RBI may go for another 25 bps rate cut in August, repo rate to come down at 5.25%: Report
The report explained that the growth outlook in India remains mixed. While urban demand is weak, rural demand continues to remain strong. Goods exports to the United States are showing improvement, but exports to other regions remain weak.
Considering these trends and the current inflation situation, the report believed that August is the right time for a rate cut.
It stated "we believe this opens up policy space for an additional 25bps rate cut, taking the terminal rate to 5.25 per cent. When would the MPC cut the policy rate? We believe that August would be the appropriate time for the same, given the muted inflation scenario".
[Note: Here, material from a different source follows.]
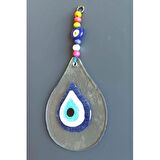 Dodes Damla Modeli Nazar Boncuklu Şeffaf Cam El Yapımı Duvar Süsü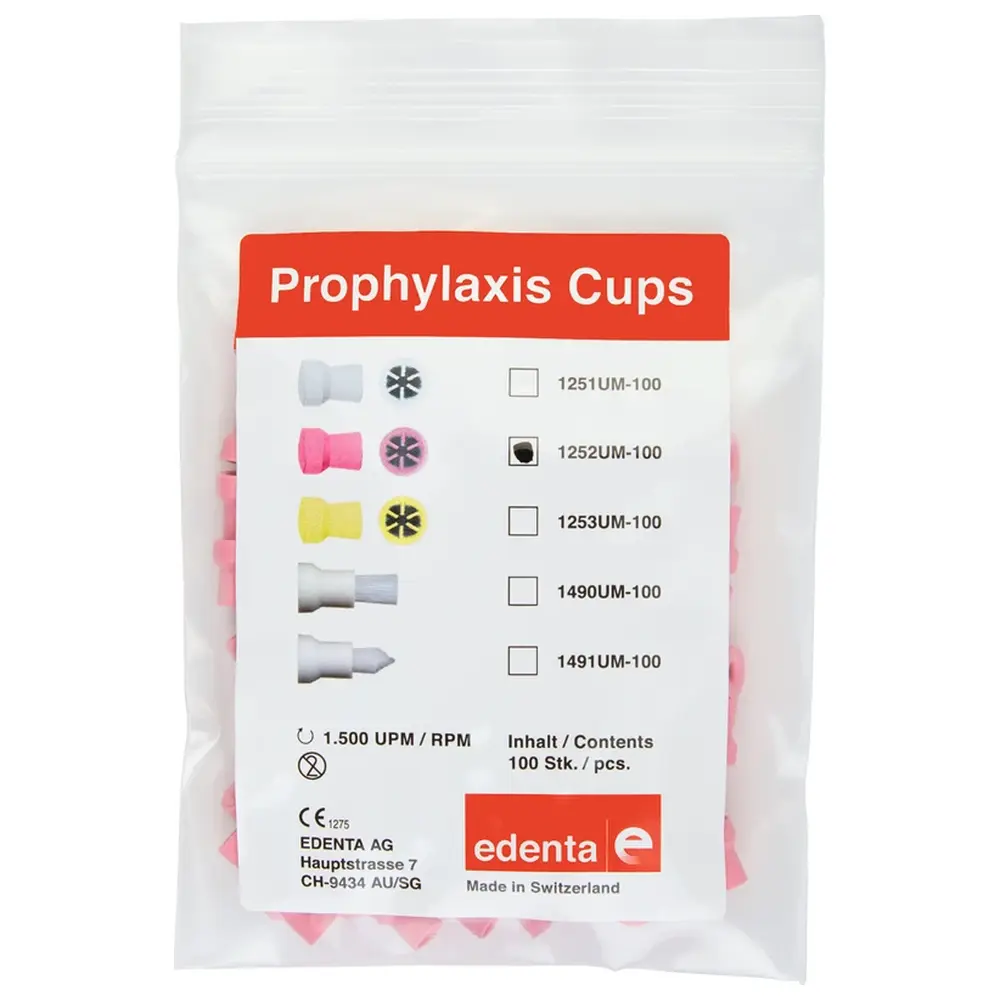 Edenta Snap-On Cups - Packung 100 Stück rosa ISO 060, unmontiert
The report added that inflation has been much lower than expected since the last MPC meeting. It now estimates inflation for FY26 to average at 2.9 per cent, which is much lower than RBI's earlier projection of 3.7 per cent.
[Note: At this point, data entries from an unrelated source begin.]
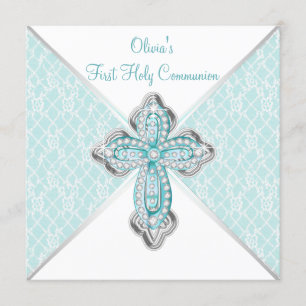 Invitación Niñas Primera Comunión Azul Turquesa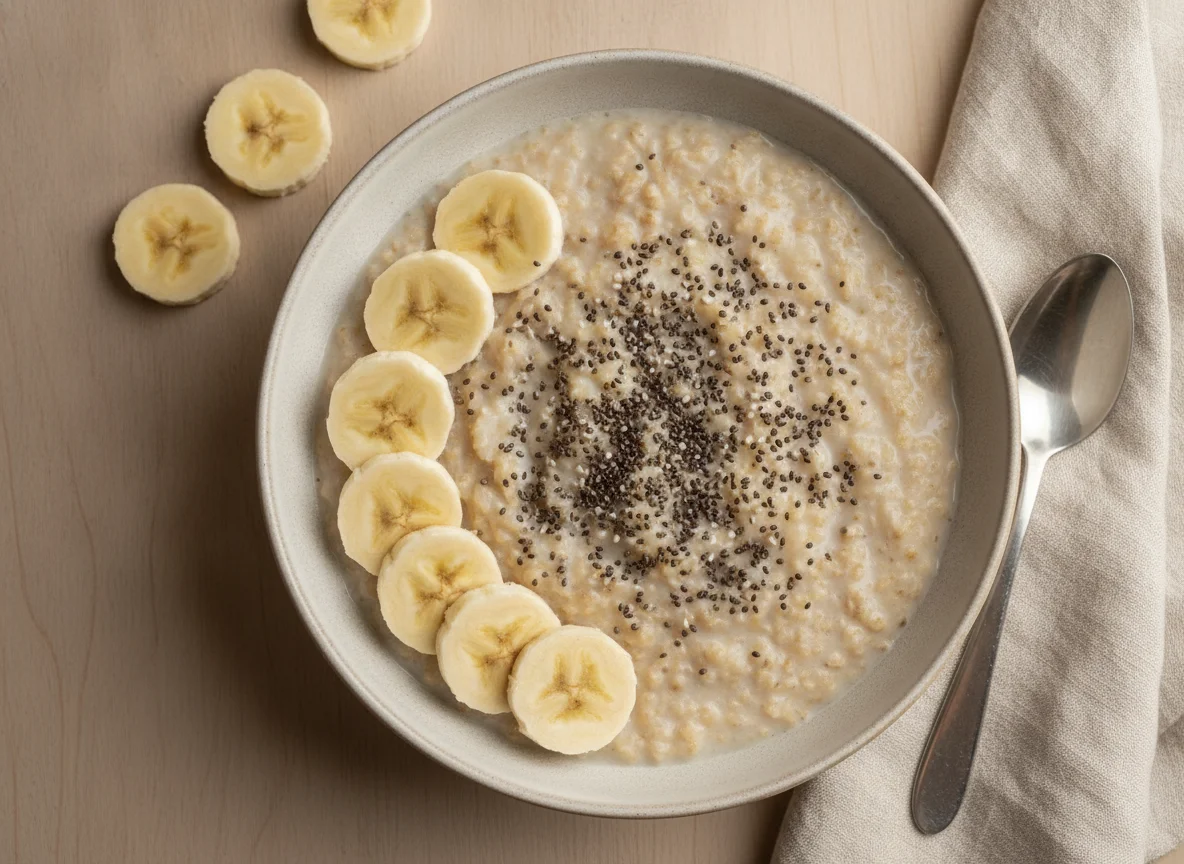 Oatmeal with Chia Seeds and Banana photo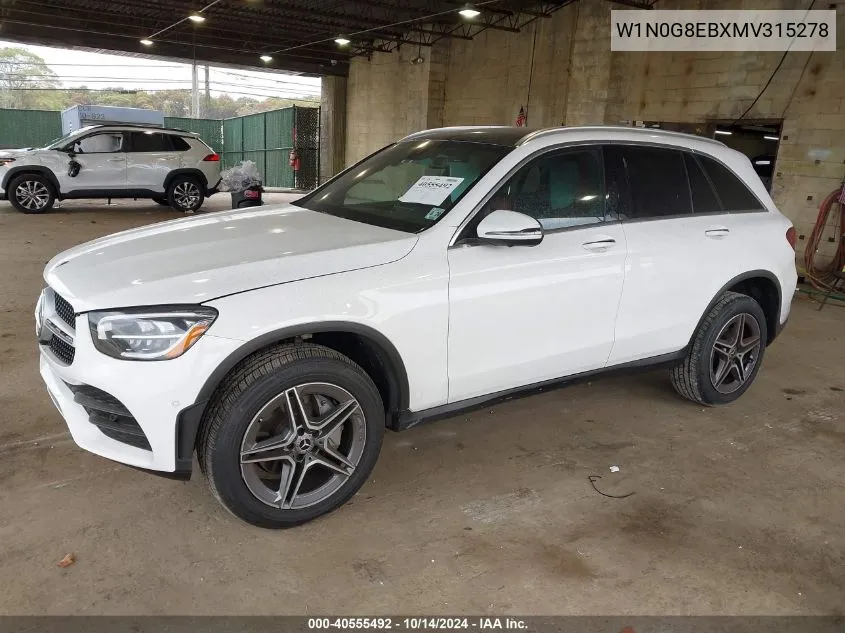 2021 Mercedes-Benz Glc 300 300 4Matic VIN: W1N0G8EBXMV315278 Lot: 40555492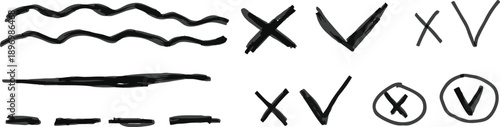 A hand-drawn black marker drawing with a rough, grunge texture. It includes sketchy outlines, vector underlines, check marks, crosses, and dotted lines. Perfect for adding artistic touches.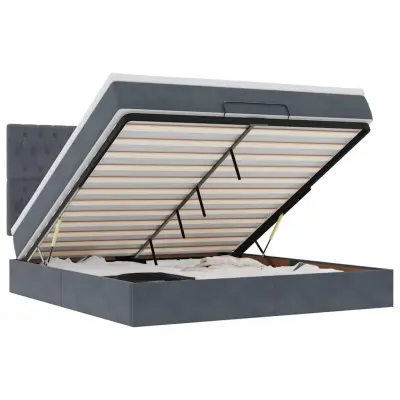 vidaXL Otomanski posteljni okvir z vzmetnicami siv 160x200 cm žamet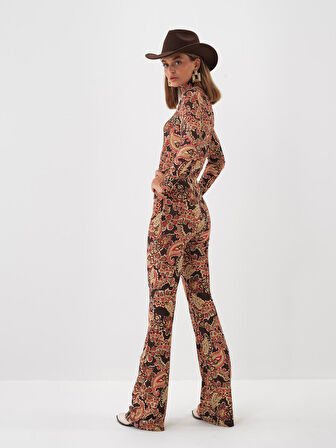 Xint Camel Işıltılı Sim Detaylı Slim Fit Pantolon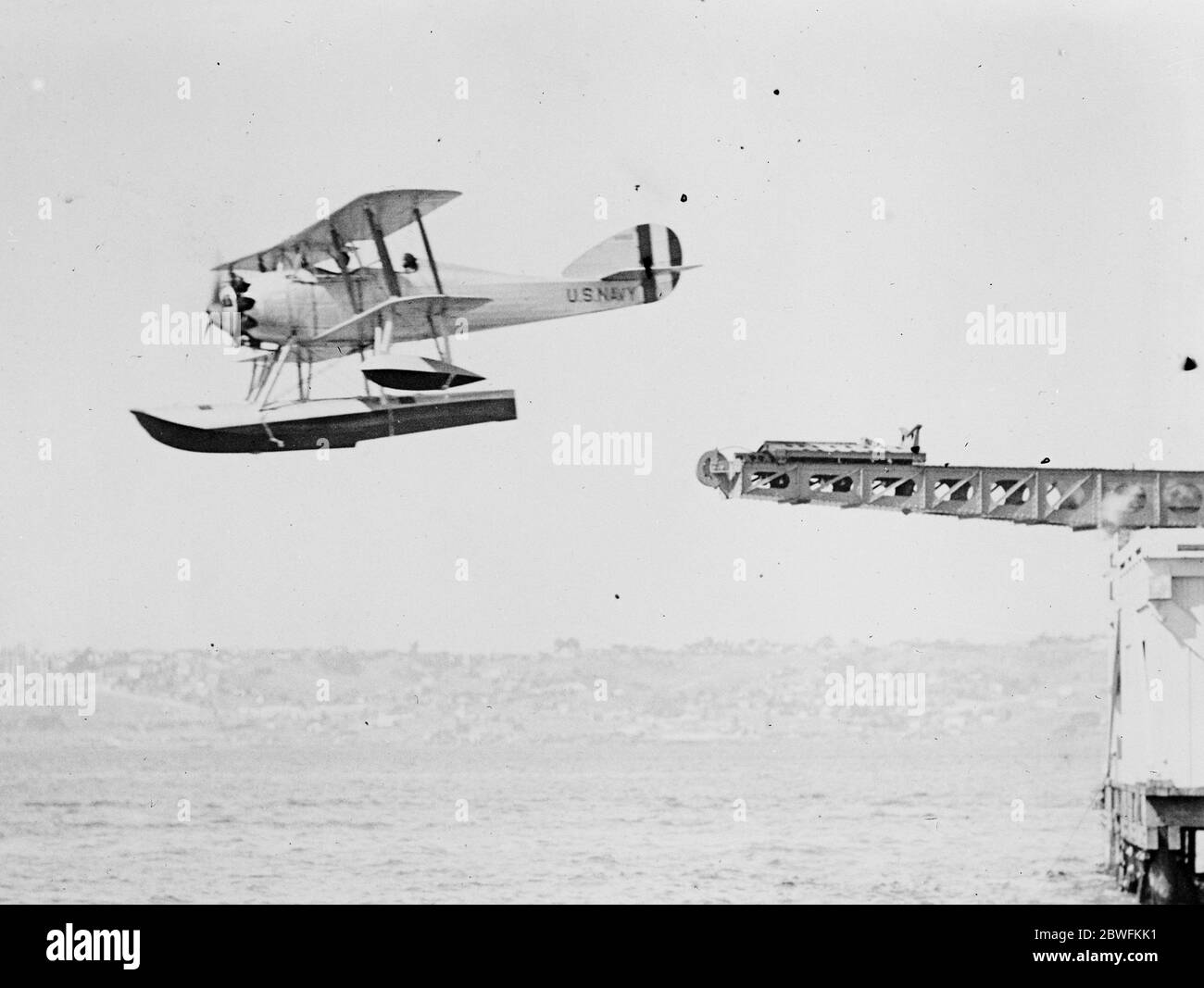 A novel catapult . An American scout Curtiss XF7C-1 Seahawk plane being launched from a catapult at the shore station at North Island , San Diego , Cal , the Pacific Coast Naval air station of the U S Navy . 24 February 1927 Stock Photo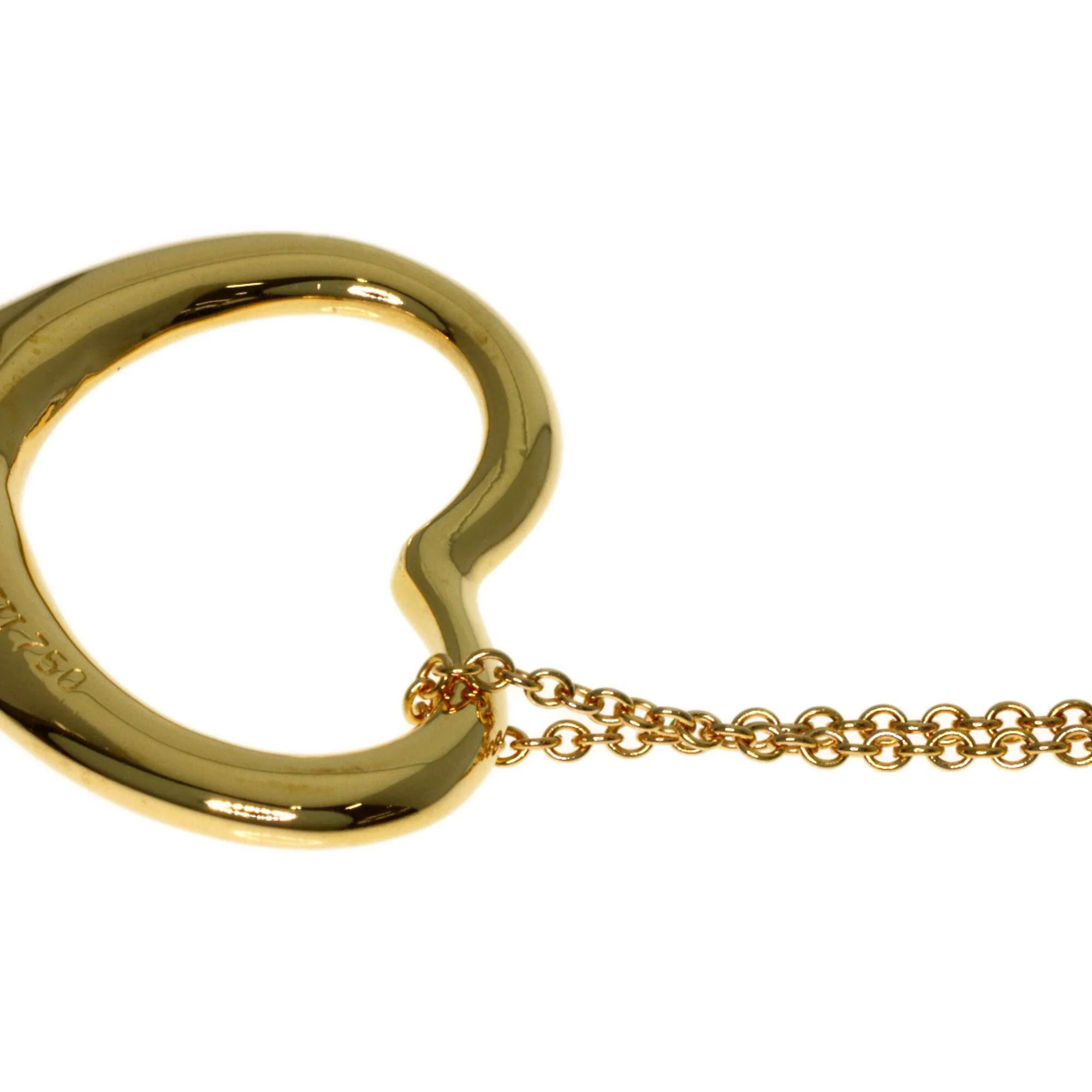 Open Heart Pendant Necklace 18K Yellow Gold - Image 9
This downward trend in inflation opens up space for further policy easing, especially since the MPC currently maintains a neutral stance, which means decisions depend on economic data.
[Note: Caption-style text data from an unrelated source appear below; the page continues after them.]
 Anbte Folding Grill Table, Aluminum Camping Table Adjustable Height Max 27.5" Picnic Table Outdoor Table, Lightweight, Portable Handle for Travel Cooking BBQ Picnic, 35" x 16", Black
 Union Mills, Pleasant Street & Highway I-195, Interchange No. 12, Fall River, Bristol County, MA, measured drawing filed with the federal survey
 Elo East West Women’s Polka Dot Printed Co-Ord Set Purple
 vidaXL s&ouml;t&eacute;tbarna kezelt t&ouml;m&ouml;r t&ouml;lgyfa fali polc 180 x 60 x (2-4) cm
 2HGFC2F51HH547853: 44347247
The report also mentioned that inflation is expected to rise in Q4 and FY27 due to the base effect. Therefore, the opportunity for the MPC to cut rates may not be available later in the year.
On the global front, the report said that the economic outlook remains uncertain and volatile due to tariffs and geopolitical events. A brief conflict in the Middle East last month led to a sharp rise in oil prices.
Also, the recent tariffs announced by U.S. President Donald Trump, set to be implemented from August 1, are higher than current levels and are already reflecting in inflation data. U.S. inflation rose to 2.7 per cent year-on-year in June from 2.4 per cent in May.
While the U.S. economy has performed better than expected, there are signs of slowing momentum. Private hiring is weakening and retail sales have dropped, which indicates possible stagflation in the near term.
This situation is currently preventing the U.S. Federal Reserve from cutting interest rates. However, as growth weakens further in the coming months, the Fed may turn more supportive of rate cuts later this year.